You get the so called "do-gooders". Some of them are misled by incorrect information so they have a false sense of doing good. Here is an example: Someone that recycles paper thinks that they are saving trees. In fact they reduce demand for trees resulting in forestry companies planting less trees so the opposite actually happens in practice. They have false "Greenpeace" images in their mind of age old natural forests that are destroyed to make paper. Some people will listen to reason and change their opinion. Others however will insist that they are right since you are destroying their "feel good" emotion. I suspect that they actually have a psychological problem. I am looking for a word that describes such a person.
In the UK, we refer to people who mistakenly think they are being helpful as:
well meaning or well-meaning(adj.):
- wanting to have a good effect, but not always producing one
'I know he's well meaning, but I wish he'd leave us alone.'
- having or indicating good or benevolent intentions, usually with unfortunate results
'He is a well-meaning but ineffectual leader.'
'Well-meaning' people are usually full of enthusiasm for their pet project(s) and feel sure they are doing good, even when the evidence indicates otherwise. They do not necessarily lack intelligence; it's as if they wear blinkers and are unable to sense the shock and disappointment in others who have been on the receiving end of their 'assistance'.
I suspect a mild form of this tendency lurks within us all, as changing deeply held convictions is hard, but more extreme behaviours may indicate a psychological problem, perhaps stemming from low self-esteem.
In the UK, when you hear someone say, 'S/he meant well...', and just go silent, you know exactly what it means!
I don't agree with most of your examples and comments about "liberal fools", but I'll focus on you saying this:
This word would be very applicable to modern on-line media like Facebook where you have all these people fighting for various "causes" of which they have no real knowledge.

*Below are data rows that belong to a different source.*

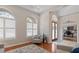 Elegant foyer with wood floors, arched windows and a view of the home office at 3852 Brantley Place Cir, Apopka, FL 32703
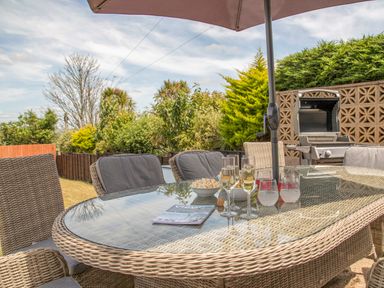 An outdoor patio with a glass table and wicker chairs under an umbrella with drinks and snacks with a barbecue grill in the background at Raleigh House in Salcombe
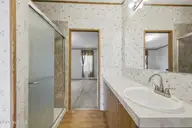 124 Zack Circle, Elizabeth City, NC 27909 — 3-bedroom manufactured home in Red Oak, Elizabeth City, NC, photo 19 of 36: Primary Ensuite Bathroom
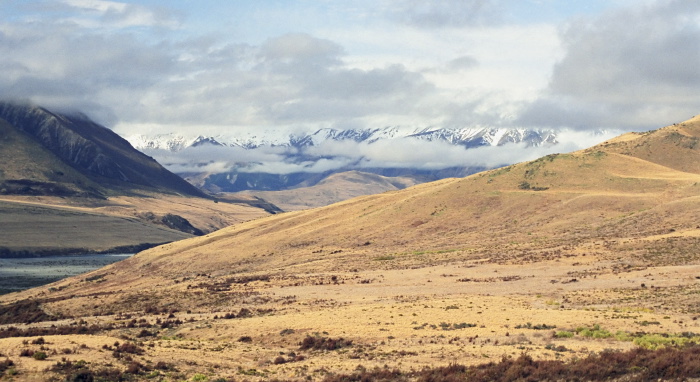 snow mountain field clouds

You might consider the term slacktivist:
Slacktivism (sometimes slactivism or slackervism) is a portmanteau of the words slacker and activism. The word is usually considered a pejorative term that describes "feel-good" measures, in support of an issue or social cause, that have little physical or practical effect, other than to make the person doing it feel satisfied that they have contributed. Slacktivism can be defined as the act of showing support for a cause but only truly being beneficial to the egos of people participating in this so-called activism. The acts tend to require minimal personal effort from the slacktivist. The underlying assumption being promoted by the term is that these low-cost efforts substitute for more substantive actions rather than supplementing them, although this assumption has been criticized.

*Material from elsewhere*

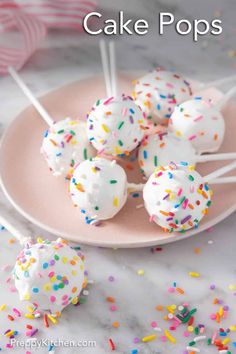 cake pops with white frosting and sprinkles on a pink plate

Many websites and news platforms have integrated social media sites such as Facebook and Twitter into their interface, allowing people to easily "like", "share" or "tweet" about something interesting they saw on the Internet. People can now express concern about social or political issues with nothing more than the click of a mouse, raising the question of what is actually being accomplished by these "likes" when very little thought or effort is required.

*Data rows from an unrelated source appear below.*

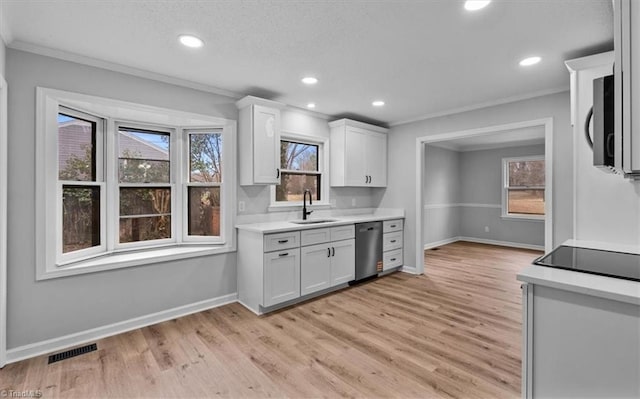 kitchen with crown molding, light countertops, visible vents, stainless steel dishwasher, and a sink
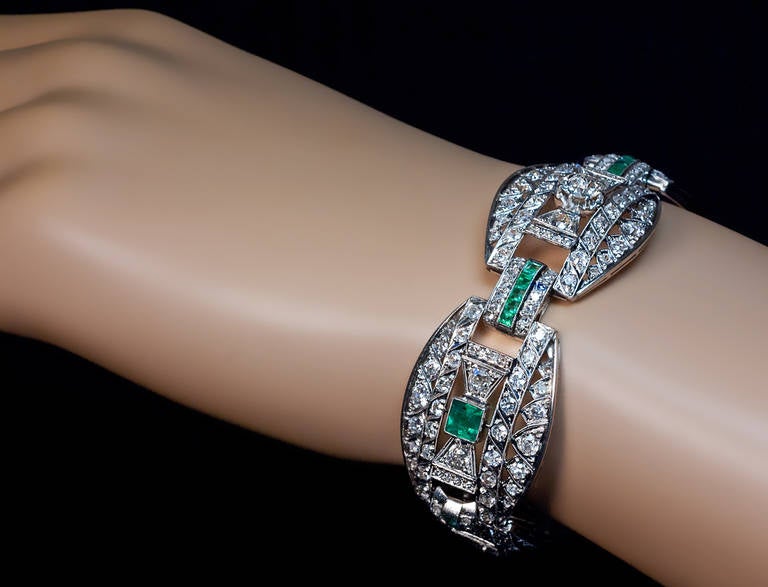 A bow themed saw-pierced platinum 23 mm wide bracelet embellished with emeralds and diamonds, the center plaque features a prong-set old European cut diamond - approximately 1 carat, I color, VS2 clarity

Estimated total diamond weight  12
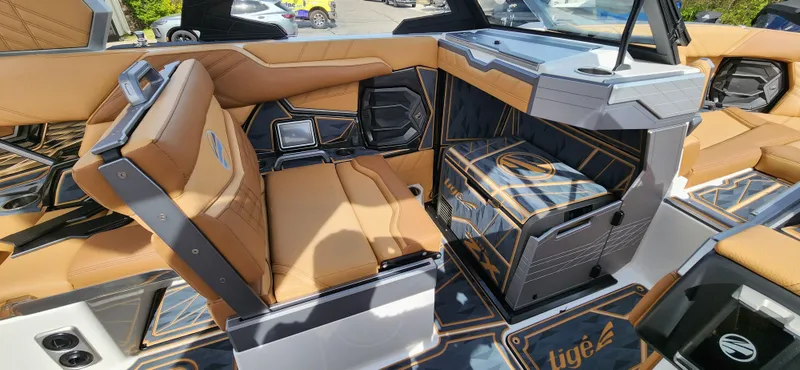 Slide: The Image of 2025 Tigé Ultre ZX boat interior with luxurious tan seating and modern design elements. - 15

Slacktivist activities include signing Internet petitions, joining a community organization without contributing to the organization's efforts, copying and pasting of social network statuses or messages or altering one's personal data or avatar on social network services. Research is beginning to explore the connection between the concept and modern activism/advocacy, as groups are increasingly using social media to facilitate civic engagement and collective action.
The Joint United Nations Programme on HIV/AIDS describes the term "slacktivist", saying it "posits that people who support a cause by performing simple measures are not truly engaged or devoted to making a change"
I don't agree with your example; recycling paper is indeed a good thing to do. However, I understand your question, and you can use any example you want.
For me, a more relevant example would be a missionary. A good word to describe such a person, who may harbor a militant or crusading zeal, is evangelistic. And that term isn't exclusively reserved for religious people. It can describe anyone with a holier than thou attitude and an arrogant belief that only they know what's right and what's wrong.